To be enforceable, a non-compete agreement that restricts a former employee from going to work for a competitor must be supported by “sufficient consideration.” This is particularly important if the agreement was entered into after the employment relationship started. But what and how much consideration is “sufficient”?
Enter the Pennsylvania Uniform Written Obligations Act (UWOA), which in the realm of contracts, permits the express written language “intending to be legally bound” to serve as adequate consideration and prevents the avoidance of any written agreement for the lack of consideration.
But can merely inserting the language “intending to be legally bound” into a non-compete agreement with an existing employee be enough to render it enforceable? Until last week, a Pennsylvania appeals court had never decided this issue, although two federal trial courts in Pennsylvania that considered the question came to opposite conclusions.
The issue recently reached the Pennsylvania Superior Court in Socko v. Mid-Atlantic Systems of CPA, Inc. While employed by Mid-Atlantic as an at-will employee, Socko signed a non-competition agreement containing a two-year covenant not to compete. Mid-Atlantic, though, did not provide Socko with any benefit (or “consideration”) for signing the agreement. After resigning from Mid-Atlantic about a year later, Socko went to work for Pennsylvania Basement Waterproofing, Inc. in Camp Hill, Pennsylvania. Mid-Atlantic sent a letter to Socko’s new employer, attaching the non-competition agreement and threatening litigation. Ten days later, Basement Waterproofing terminated Socko’s employment.

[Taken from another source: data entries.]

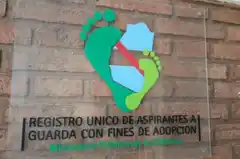 Abre la inscripción al Registro de Adoptantes: 41 menores buscan familia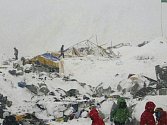 Horolezecký tábor po zásahu lavinou.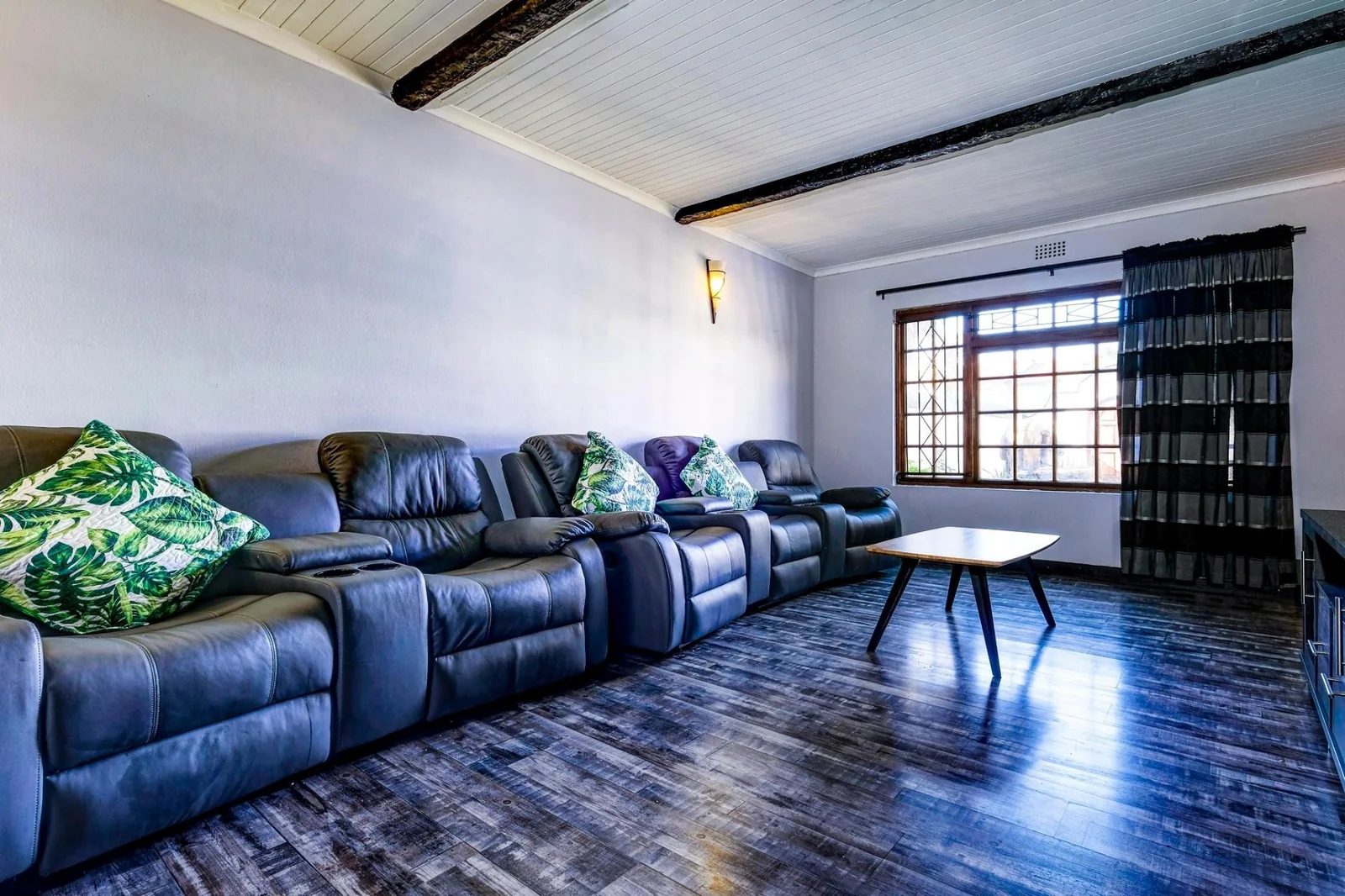 Large Townhouse for sale in Florida Park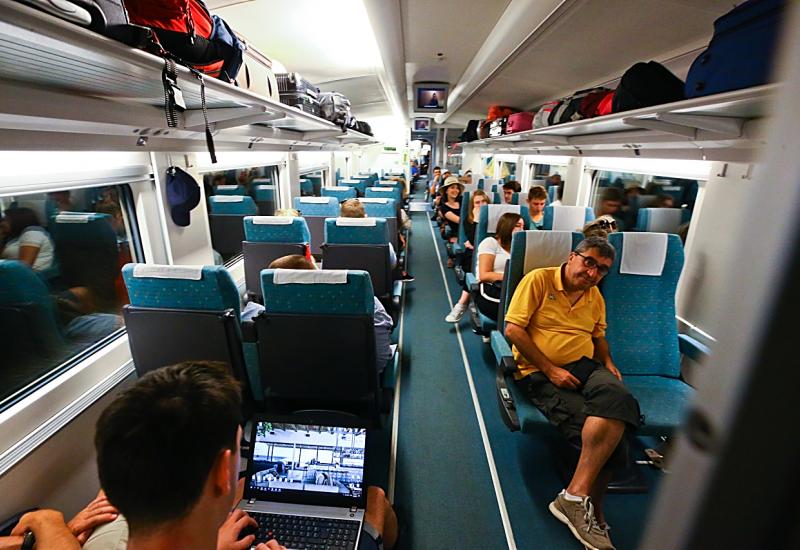 U vlaku nije dosadno - Željeznička ruta Sarajevo-Mostar privlači sve više turista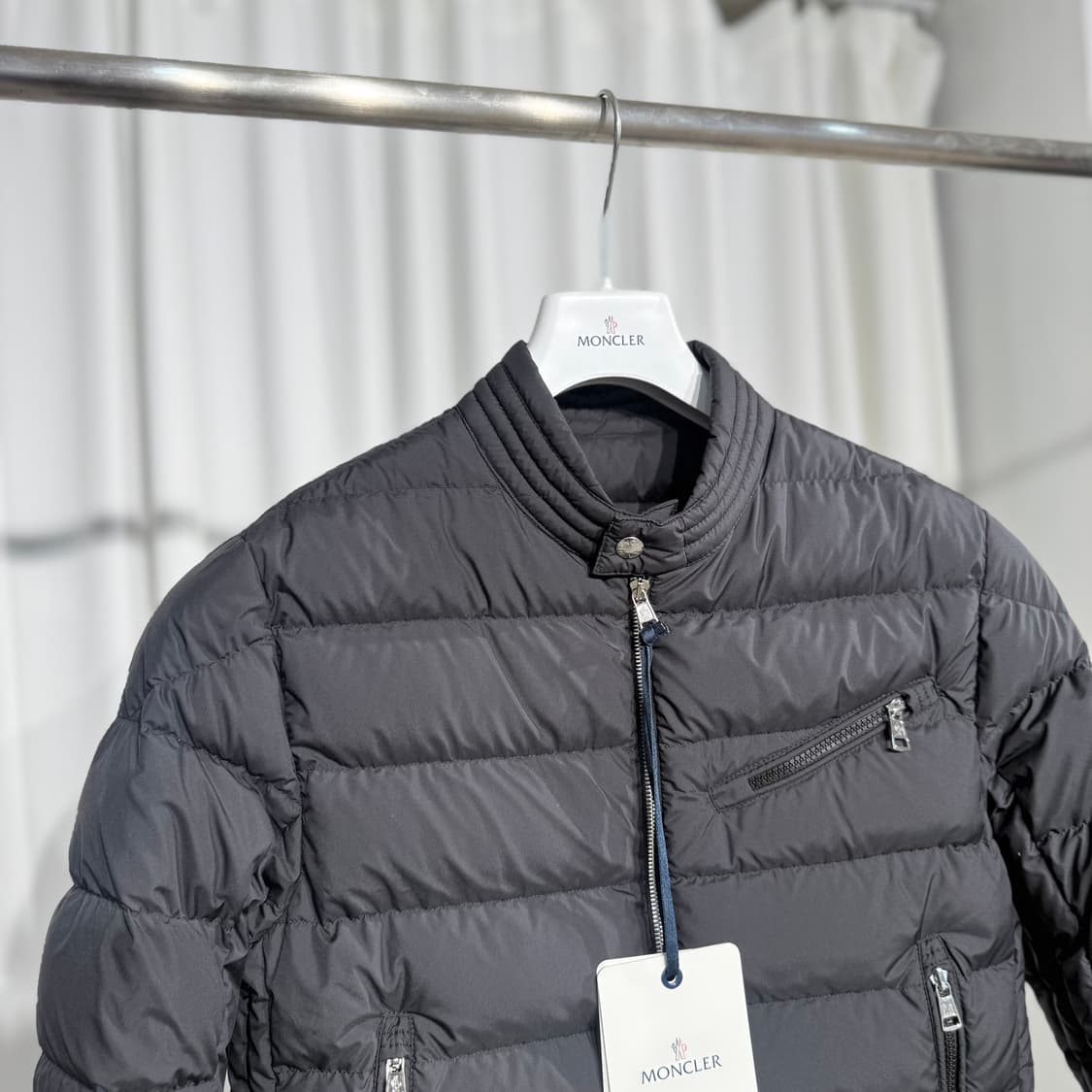 [정품][새상품] 몽클레르 오띠 쇼트 다운 패딩 2사이즈 상품이미지2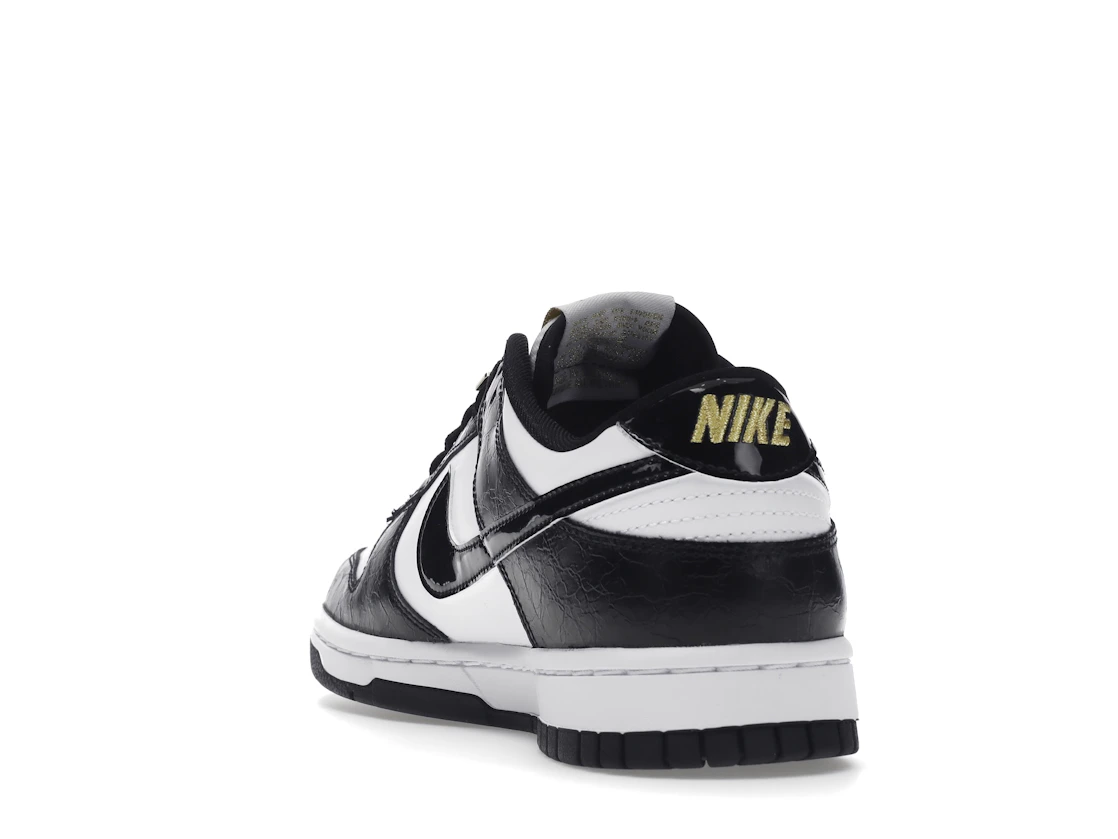 Vue 26 de Nike Dunk Low SE World Champs Black White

Socko then filed a lawsuit against Mid-Atlantic seeking a declaratory judgment that the non-competition agreement was unenforceable because it was not supported by adequate consideration. Mid-Atlantic argued that the non-competition agreement was enforceable because it included the express language “intending to be legally bound.” The trial court agreed with Socko and ruled that the non-compete agreement was invalid due to lack of consideration. Mid-Atlantic appealed.

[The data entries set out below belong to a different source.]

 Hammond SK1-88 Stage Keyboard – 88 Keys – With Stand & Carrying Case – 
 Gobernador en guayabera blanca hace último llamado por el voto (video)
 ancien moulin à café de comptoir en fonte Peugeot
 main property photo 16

On appeal, the Pennsylvania Superior Court affirmed the ruling for Socko, distinguishing non-compete agreements from other types of business contracts because historically non-competition covenants are disfavored as restraints on trade. As to non-competition agreements entered into after the commencement of employment, like Socko’s, the Court reiterated the requirement of adequate consideration:
When the restrictive covenant is added to an existing employment relationship, however, it is only enforceable when the employee who restricts himself receives a corresponding benefit or change in status. An employee’s continued employment is not sufficient consideration for a covenant not to compete which the employee signed after the inception of his employment, where the employer makes no promise of continued employment for a definite term.
The Superior Court disagreed with Mid-Atlantic that application of the UWOA rectified the lack of consideration because “[l]anguage in an employment contract that the parties intend to be legally bound does not constitute valuable consideration” to support a covenant not to compete.
In light of this ruling, businesses should not assume that non-competition agreements with their employees are valid, unless those employees were provided sufficient consideration for giving up their right to compete. Also, there are several other important rules regarding the enforceability of these agreements. So businesses should consider reviewing these agreements with legal counsel.